Father Gains Child Support From Mother After Parties' Separation
The father of two children under age five retained us to help him gain child support from the mother. The father and mother had recently separated. They were not married but had been living together since before the children were born. Our client was a stay-at-home dad who earned part-time income from an editing and publishing business he conducted out of the home. The mother was a family physician with a thriving practice and substantial income several times the income of our client. The mother had moved out of the home to live with a colleague with whom our client then learned the mother had a long-standing romantic relationship. We prepared to subpoena wage records from the mother's professional practice employer. But before serving the subpoena, we made a request and demand to the mother's retained attorney to voluntarily present those wage records and consent to an appropriate child support amount based on the mother's actual income. Our intent was to allow the mother to avoid professional embarrassment while saving our client the time, trouble, and expense of a contested support hearing. The mother, through counsel, agreed to share the documentation, on which we calculated the due child support and prepared and presented the consent agreement. After adjustments to the order's form, the mother signed the consent, and the judge entered it for enforcement. Our client was able to maintain the home and establish a custodial environment without interruption or change based on the new support order.
Father Avoids Child Support Obligation When Sharing Joint Physical Custody
The father of a teenage boy retained us to eliminate a child support obligation that he had been paying the boy's mother for the past decade after the boy had been dividing time equally between the father's house and the mother's house. The father and mother had divorced a decade earlier under a consent judgment for divorce that awarded the mother sole physical custody and child support. The boy, though, had expressed a preference to spend more time with our client, the father, because of their shared interests in sports and outdoor recreation. The mother had voluntarily accepted that the boy spent approximately equal time at both houses on a flexible schedule at the boy's own preference. The father and mother had approximately equal incomes, both working for the same company in similar positions at different locations. The mother objected to a change in support because she had grown accustomed to the extra income. Our presentation at the hearing proved the above account to the judge's satisfaction. The judge construed the mother's acquiescence in the shared physical custody arrangement as further grounds to both eliminate support and formally change the custody order to joint physical custody. The key to our success was in making a thorough and orderly presentation of the facts while avoiding certain acrimony between the parties that might have distracted the judge from the issue and caused the judge to stick with the original order.
Father Wins Child Support From Mother Based on Self-Employment Income
The father of a one-year-old boy retained us to obtain a child support order from the mother of their child. The father and mother had rented a home together, planning to marry. The mother gave birth to the child and remained in the home until the child had stopped nursing but then moved out to live with another man in that man's own residence, leaving our client to care alone for the infant child. Our client had a marketing and website business that he mostly ran from home, but he also required infant care services and help from his parents and sisters to care for the infant. Our client had adequate financial support from his business and family but wanted to hold the mother accountable for at least some support.

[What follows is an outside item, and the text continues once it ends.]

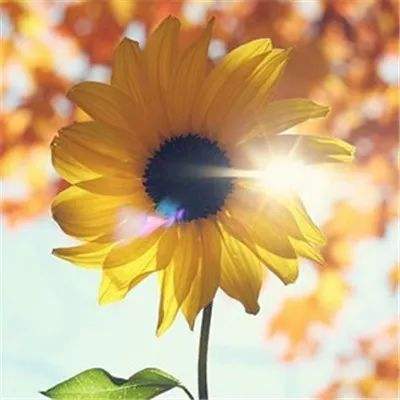 大发彩票手机app下载截图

The mother had refused, claiming no income. Our client was aware, though, that the mother made relatively substantial self-employment income from her own marketing, website, and consulting services. We initiated the support action, out of which we subpoenaed payment records from several of the mother's clients. We also deposed the mother to identify additional clients and income. Our discovery efforts led to a conciliation conference in which the mother agreed to pay support based on tax and other records of her self-employment income.